Taylor took advantage of the extra minutes, scoring a career-high eight points on 3-5 shooting along with two rebounds in 13 minutes of action. Taylor got to the rim numerous times and played inspired. Though his contributions to the game were mostly cosmetic, the effort Taylor exerted was noteworthy.

Coming off of a tight 65-63 road loss to conference opponent George Washington University, it can be conceived that Duquesne was a bit disheartened. Having lost their fair share of close games this year, perhaps it has started to dampen the spirits of the once-optimistic Dukes.

With close losses to Canisius (78-77), Tennessee-Martin (66-63), Robert Morris (64-60) and numerous other competitive defeats, the lack of resounding victories may have finally culminated into dulled enthusiasms and a negative mindset.

Whatever the lack of energy and resolve is attributed to doesn’t really matter. Being outscored in the paint at home by a 50-26 margin and allowing 19 offensive rebounds to an extremely talented lineup that already demands a team’s best effort is unacceptable.

The blame must start at the top and work its way down. While Ferry is certainly correct in saying that his team exerted minimal effort and lacked toughness, these Dukes are still a product of his coaching staff and are too talented to be embarrassed on their home floor in this fashion. That being said, coaching adjustments may need to be made.

On the floor, the lack of defensive proficiency starts on the inside and continues out to the three-point arc. Securing defensive boards is the first step in eliminating second-chance opportunities for the opposition. Additionally, getting out on the break and capitalizing with transition baskets is an easy way to score for a team that sometimes becomes stagnant in a half-court offense.

On the offensive end, the lack of a true playmaker is painstakingly obvious. Too often, the ball isn’t moved fluidly around the court, and the Dukes often find themselves settling for contested jump shots as the shot clock counts down.

All of these same issues plagued the Red & Blue in the first half of their contest at Davidson College where they trailed the Wildcats 39-16 at the break. It was a sold-out crowd at the John M. Belk Arena as the school honored their most famous basketball alumnus and current NBA superstar, Stephen Curry. While this could have also contributed to a sloppy first half for Duquesne, it was another unacceptable display of basketball.

On the other hand, the Dukes made quite a surge in the second half as they cut a once 23-point deficit all the way down to six and remained in the game until the game’s final moments. Although they eventually fell by a final score of 74-60, the second half performance at Davidson showed the potential of this team when they play motivated, focused basketball, but it is time to quit with the excuses and begin finding a way to play a full 40 minutes of quality A-10 basketball.
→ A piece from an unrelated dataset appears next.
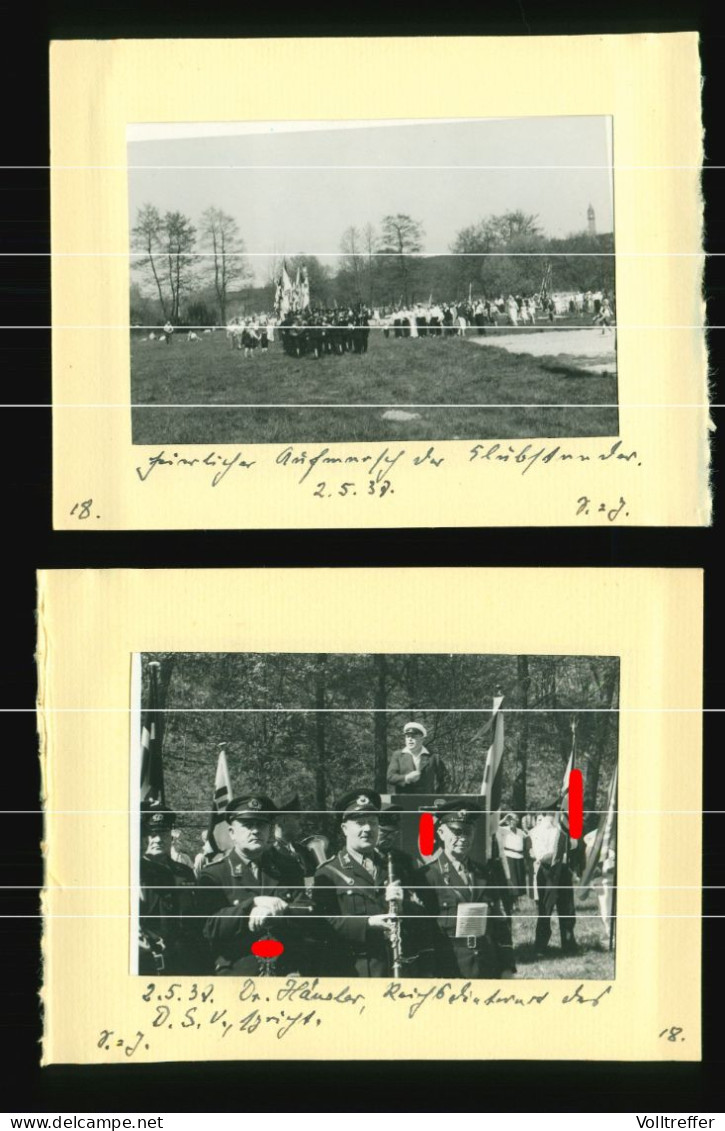 3x Orig. Foto 1937, Berlin Spandau, Aufmarsch D.S.V. Ruderer Musikkorps Wehrmacht ? Uniform Hakenkreuz - Spandau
This team is far too talented to sit at 9-12 overall, 2-6 in conference, and lose games in the manner in which it did at home to Rhode Island. With ten games remaining on their schedule, the Dukes still have an opportunity to salvage their record, season, respect, etc., in an attempt to put themselves in a good position for the A-10 Tournament that will come to PPG Paints Arena early this March.